* _Required action_: Could you set down only the lines from the one including "PACCHETTO LED Indicatore" to the end of the records below, inclusive and exact, leaving pictures out?

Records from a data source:
┄┄┄┄┄┄

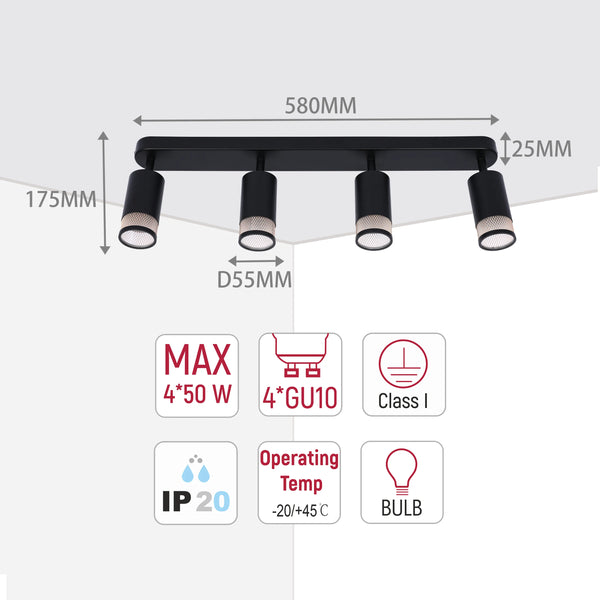 Cylindrical Mesh Design Light Collection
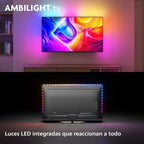 TV Philips The One Ambilight QLED 43 43PUS9010 UltraHD 4K Dolby Vision Dolby Atmos Titan OS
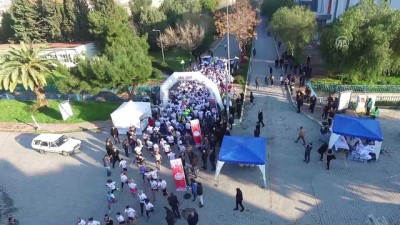 Şehit polis Fethi Sekin anısına yol koşusu yapıldı - İZMİR 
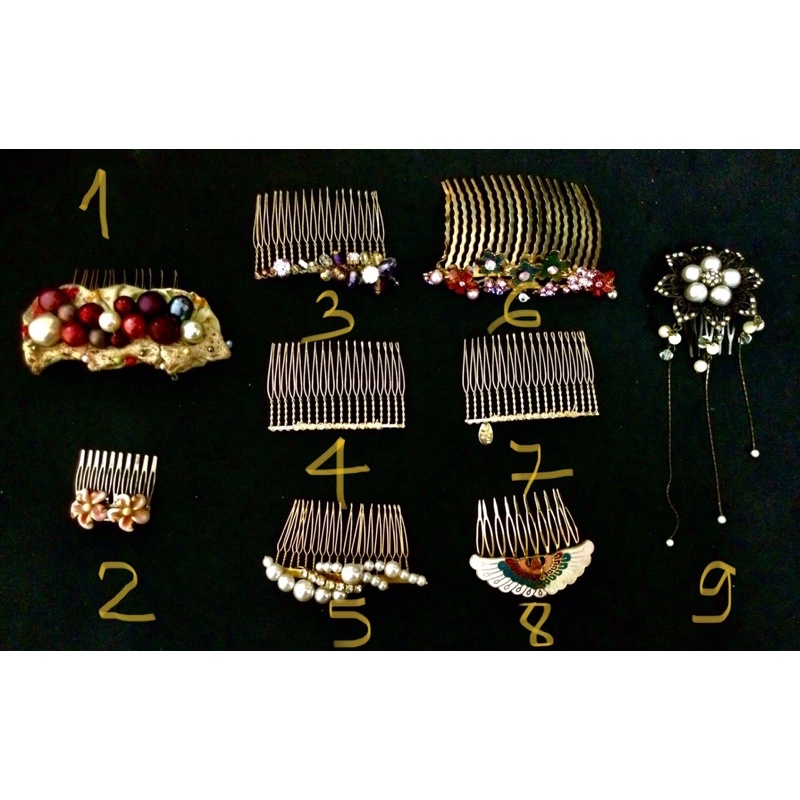 Xược cài tóc đẹp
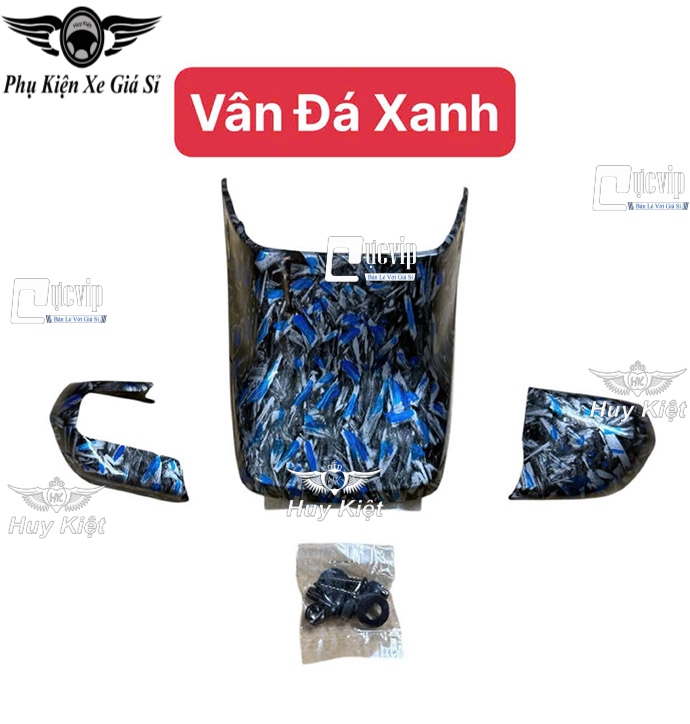 Ốp Dè Sau + Xi Nhan Trước Carbon (Tặng Ốc) Cho Dream 100cc 110cc, Dream Lùn, Dream Thái MS6662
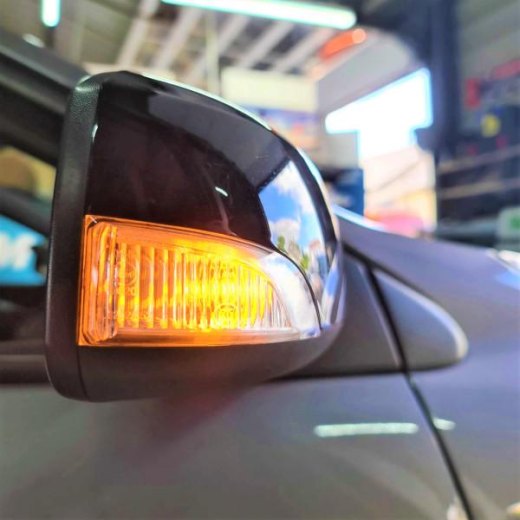 PACCHETTO LED Indicatore Laterale Renault Megane 3 dal 2008 al 2016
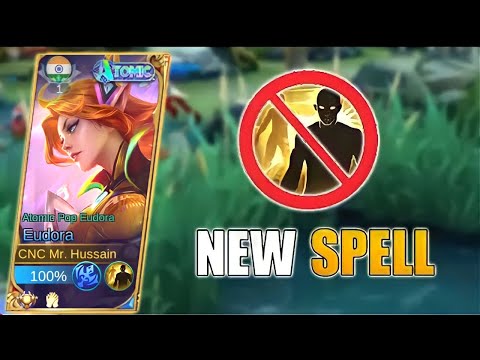 SAYONARA FLICKER! THIS SPELL WILL REALLY MAKE YOU UNGRASPABLE (Must Try) | Mlbb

┄┄┄┄┄┄

* _Result of the task_:
 PACCHETTO LED Indicatore Laterale Renault Megane 3 dal 2008 al 2016
 SAYONARA FLICKER! THIS SPELL WILL REALLY MAKE YOU UNGRASPABLE (Must Try) | Mlbb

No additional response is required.